Il maltempo che si sta abbattendo sulle regioni aride africane non si riferisce però a fenomeni atmosferici più o meno prevedibili, quanto alla pioggia di downgrade delle società di racing internazionali, che da fine aprile sferza i cieli, a suggellare crisi economiche più o meno conclamate. Ma se da una parte non preoccupa la revisione delle previsioni sul Botswana da stabile a negativo deciso da S&P, nonostante la contrazione della produzione diamantifera e l’inizio della recessione economica, dall’altra abbiamo quadri macroeconomici più preoccupanti, da tenere in osservazione. Realtà dell’africa australe e occidentale che rischiano di passare da astri nascenti del continente nero, a semplici meteore sotto il peso di pressioni endogene. Questo sembrerebbe essere il caso dell’Angola, unico paese dell’africa sub-sahariana a fare molti più investimenti diretti esteri di quanti ne riceva, la Nigeria, capace nel 2015 di superare il Sud Africa come prima economia continentale, il Gabon con uno dei maggiori redditi pro-capite continentali, e i Mozambico, con un ampio potenziale inespresso in campo estrattivo, energetico e turistico.
I primi tre Stati su menzionati sono stati soggetti di revisioni di racing da parte di Moody’s da Ba2 a B1, mentre il Mozambico si è visto tagliare il proprio a CCC da Fitch, a testimonianza di una congiuntura economica generalizzata che ridurre solamente alla mera dipendenza delle economie in esame alle forti oscillazioni del prezzo delle materie prime (petrolio per Angola, Gabon e Nigeria, e alluminio per Mozambico) potrebbe essere errato, o meglio non esaustivo. Altri fattori comuni ugualmente importanti sono i problemi economici che le capitali africane si portano dietro come un fardello che ne affossa le speranze di crescita, quali: (I) corruzione endemica, con il caso limite dell’Angola, relegato dal Corruption Percepito Index 2015 alla 163esima posizione su 168 paesi; (II) la non equa redistribuzione della ricchezza, con sacche crescenti della popolazione costrette a vivere con meno di due dollari al giorno; (III) la scarsa diversificazione economica, che rende i paesi troppo vulnerabili a shock esogeni; (IV) la non completa maturazione delle istituzioni democratiche, dove l’accesso ai centri decisionali nazionali si riduce alla perpetrazione del potere stesso di una ristretta classe elitaria, senza una reale alternanza tra diversi soggetti politici, eccezion fatta per la Nigeria; (IV) il rallentamento di alcuni partner commerciali affidabili, con riferimento al subcontinente cinese ed indiano, che si riverbera in Africa, finanche a diventarne un ostacolo (esempio emblematico quello nel settore siderurgico tra Cina e Sud Africa).

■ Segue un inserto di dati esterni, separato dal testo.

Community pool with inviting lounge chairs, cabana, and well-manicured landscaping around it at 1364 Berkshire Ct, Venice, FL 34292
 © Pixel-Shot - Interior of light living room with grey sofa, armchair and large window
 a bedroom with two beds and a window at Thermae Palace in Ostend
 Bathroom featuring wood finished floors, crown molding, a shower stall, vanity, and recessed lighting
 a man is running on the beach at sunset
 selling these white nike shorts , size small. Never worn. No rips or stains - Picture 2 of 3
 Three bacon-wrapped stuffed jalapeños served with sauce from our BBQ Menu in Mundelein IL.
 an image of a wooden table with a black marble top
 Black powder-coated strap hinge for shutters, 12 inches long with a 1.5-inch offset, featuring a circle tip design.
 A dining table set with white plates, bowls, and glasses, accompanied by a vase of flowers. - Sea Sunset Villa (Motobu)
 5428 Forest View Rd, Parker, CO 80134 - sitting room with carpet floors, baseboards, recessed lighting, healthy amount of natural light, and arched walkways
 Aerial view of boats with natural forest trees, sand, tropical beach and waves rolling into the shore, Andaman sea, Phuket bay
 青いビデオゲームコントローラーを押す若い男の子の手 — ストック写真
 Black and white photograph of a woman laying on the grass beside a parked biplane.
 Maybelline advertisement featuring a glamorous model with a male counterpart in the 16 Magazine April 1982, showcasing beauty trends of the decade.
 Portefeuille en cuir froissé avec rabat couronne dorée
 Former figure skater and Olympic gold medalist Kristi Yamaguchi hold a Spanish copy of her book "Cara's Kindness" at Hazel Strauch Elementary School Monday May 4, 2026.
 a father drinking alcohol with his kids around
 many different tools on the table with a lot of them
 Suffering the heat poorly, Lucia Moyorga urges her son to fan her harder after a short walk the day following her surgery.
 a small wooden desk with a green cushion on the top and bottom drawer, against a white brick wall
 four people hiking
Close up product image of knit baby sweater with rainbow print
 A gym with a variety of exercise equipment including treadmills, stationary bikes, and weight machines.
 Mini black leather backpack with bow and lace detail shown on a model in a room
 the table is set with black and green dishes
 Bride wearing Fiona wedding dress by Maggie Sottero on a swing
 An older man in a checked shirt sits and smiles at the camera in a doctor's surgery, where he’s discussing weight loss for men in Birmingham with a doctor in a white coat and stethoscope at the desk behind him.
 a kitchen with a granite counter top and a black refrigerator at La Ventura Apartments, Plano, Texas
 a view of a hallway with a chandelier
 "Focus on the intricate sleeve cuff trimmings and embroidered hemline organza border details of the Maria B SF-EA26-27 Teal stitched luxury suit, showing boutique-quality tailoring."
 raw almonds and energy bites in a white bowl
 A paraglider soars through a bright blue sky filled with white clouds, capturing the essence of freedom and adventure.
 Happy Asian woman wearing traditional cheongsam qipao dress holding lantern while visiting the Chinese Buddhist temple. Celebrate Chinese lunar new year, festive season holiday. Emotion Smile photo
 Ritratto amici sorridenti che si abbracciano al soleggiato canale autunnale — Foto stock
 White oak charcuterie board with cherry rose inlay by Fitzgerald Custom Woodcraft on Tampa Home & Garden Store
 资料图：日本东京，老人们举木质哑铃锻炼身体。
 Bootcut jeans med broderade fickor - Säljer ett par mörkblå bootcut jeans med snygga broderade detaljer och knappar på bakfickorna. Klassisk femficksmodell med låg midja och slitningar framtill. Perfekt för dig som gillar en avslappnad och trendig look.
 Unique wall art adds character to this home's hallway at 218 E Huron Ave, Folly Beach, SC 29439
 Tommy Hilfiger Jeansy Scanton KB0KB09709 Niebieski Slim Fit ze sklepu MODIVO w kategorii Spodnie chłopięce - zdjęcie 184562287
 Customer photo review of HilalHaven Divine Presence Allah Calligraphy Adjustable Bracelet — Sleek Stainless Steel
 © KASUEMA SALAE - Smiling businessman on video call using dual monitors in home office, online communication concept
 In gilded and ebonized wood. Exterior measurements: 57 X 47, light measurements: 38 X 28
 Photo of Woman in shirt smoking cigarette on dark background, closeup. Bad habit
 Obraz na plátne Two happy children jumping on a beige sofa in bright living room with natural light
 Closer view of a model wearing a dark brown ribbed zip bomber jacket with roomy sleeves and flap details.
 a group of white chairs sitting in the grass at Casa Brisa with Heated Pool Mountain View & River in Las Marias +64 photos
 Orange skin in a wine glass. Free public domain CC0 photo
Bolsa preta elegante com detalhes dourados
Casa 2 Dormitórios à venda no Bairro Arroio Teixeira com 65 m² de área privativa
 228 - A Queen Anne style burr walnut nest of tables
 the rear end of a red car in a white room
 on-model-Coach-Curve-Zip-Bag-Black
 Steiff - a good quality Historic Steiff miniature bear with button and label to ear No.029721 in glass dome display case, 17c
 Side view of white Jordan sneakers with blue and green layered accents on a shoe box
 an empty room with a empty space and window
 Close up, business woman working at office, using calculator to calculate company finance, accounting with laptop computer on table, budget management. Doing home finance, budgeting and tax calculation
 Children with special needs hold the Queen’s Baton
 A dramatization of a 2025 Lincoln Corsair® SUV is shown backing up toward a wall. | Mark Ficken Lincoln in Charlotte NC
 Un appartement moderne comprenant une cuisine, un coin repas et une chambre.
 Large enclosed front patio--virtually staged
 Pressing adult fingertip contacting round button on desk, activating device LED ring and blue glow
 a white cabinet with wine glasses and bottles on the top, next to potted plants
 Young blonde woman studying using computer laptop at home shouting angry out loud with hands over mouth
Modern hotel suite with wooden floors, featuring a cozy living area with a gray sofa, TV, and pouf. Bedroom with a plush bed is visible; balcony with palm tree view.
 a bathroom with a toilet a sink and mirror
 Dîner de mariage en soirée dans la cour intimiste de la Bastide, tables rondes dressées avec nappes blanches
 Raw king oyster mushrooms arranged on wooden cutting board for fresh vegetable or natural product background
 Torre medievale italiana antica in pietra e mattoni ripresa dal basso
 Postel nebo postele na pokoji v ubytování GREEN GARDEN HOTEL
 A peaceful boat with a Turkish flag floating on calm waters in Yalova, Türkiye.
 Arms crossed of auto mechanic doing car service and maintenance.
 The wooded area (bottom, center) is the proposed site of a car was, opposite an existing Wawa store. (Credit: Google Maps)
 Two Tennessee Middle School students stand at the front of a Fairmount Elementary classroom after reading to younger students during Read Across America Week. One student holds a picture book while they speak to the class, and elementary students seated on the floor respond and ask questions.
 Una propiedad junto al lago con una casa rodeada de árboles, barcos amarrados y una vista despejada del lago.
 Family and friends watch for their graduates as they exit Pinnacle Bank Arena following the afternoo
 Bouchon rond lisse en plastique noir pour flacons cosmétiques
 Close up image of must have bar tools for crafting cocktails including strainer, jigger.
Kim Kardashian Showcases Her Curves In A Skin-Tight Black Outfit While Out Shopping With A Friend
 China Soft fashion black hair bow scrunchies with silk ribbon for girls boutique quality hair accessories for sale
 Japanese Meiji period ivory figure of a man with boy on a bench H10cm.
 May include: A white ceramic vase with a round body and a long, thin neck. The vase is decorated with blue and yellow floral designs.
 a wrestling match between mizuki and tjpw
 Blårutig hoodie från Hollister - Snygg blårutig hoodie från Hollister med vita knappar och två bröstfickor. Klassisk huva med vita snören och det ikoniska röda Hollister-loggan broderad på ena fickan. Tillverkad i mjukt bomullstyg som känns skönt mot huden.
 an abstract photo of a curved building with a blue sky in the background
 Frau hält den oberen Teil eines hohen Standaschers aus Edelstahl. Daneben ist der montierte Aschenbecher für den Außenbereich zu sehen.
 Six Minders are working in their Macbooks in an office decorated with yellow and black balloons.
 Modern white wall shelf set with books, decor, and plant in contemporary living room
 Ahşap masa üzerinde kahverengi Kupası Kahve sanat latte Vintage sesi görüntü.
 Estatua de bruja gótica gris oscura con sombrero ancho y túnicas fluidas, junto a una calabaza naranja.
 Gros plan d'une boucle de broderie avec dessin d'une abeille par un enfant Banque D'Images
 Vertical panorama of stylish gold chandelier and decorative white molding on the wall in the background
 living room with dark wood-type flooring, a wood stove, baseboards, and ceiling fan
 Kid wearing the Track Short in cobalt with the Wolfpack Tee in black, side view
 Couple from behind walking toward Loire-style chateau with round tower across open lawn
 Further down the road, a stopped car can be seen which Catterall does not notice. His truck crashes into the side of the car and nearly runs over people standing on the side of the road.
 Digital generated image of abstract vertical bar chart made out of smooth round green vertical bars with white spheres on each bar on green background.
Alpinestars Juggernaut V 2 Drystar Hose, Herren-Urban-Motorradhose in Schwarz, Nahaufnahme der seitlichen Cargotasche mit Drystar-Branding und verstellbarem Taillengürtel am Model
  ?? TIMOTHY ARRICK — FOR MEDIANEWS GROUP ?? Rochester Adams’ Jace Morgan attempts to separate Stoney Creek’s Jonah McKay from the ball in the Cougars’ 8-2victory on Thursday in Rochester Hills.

Angola, Gabon, Nigeria e Mozambico non rappresentano casi isolati, altri paesi sembrano apprestarsi a seguire il medesimo percorso nell’area occidentale (Ghana), orientale (Kenya) e australe (Sud Africa), sotto la spada di Damocle di un taglio del loro racing sovrano, qualora dovessero continuare a ritardare processi di riforme sempre annunciati ma mai completamente attuali. Paesi ostaggi di interessi politici particolaristici, con Kenya e Ghana chiamate a rinnovare nel prossimo futuro le maggiori cariche istituzionali, e Sud Africa alle prese con un presidente della repubblica impegnato a risolvere questioni personali e giudiziarie.
In maniera indiretta, le decisioni delle società di racing internazionali hanno trovato un indiretto riscontro nell’ultimo rapporto regionale dell’Africa Sub-Sahariana del Fondo Monetario Internazionale (aprile 2016), che ha evidenziato come l’intera area dopo un periodo prolungato di forte crescita, per la prima volta in quindi anni, registrerà una crescita del 3,5% nel 2015, prevista in ulteriore declino al 3% nel 2016. Una preoccupante inversione di tendenza se paragonata alla media dell’ultima decade pari al 6%, in attesa di un cielo più limpido a partire dal 2017.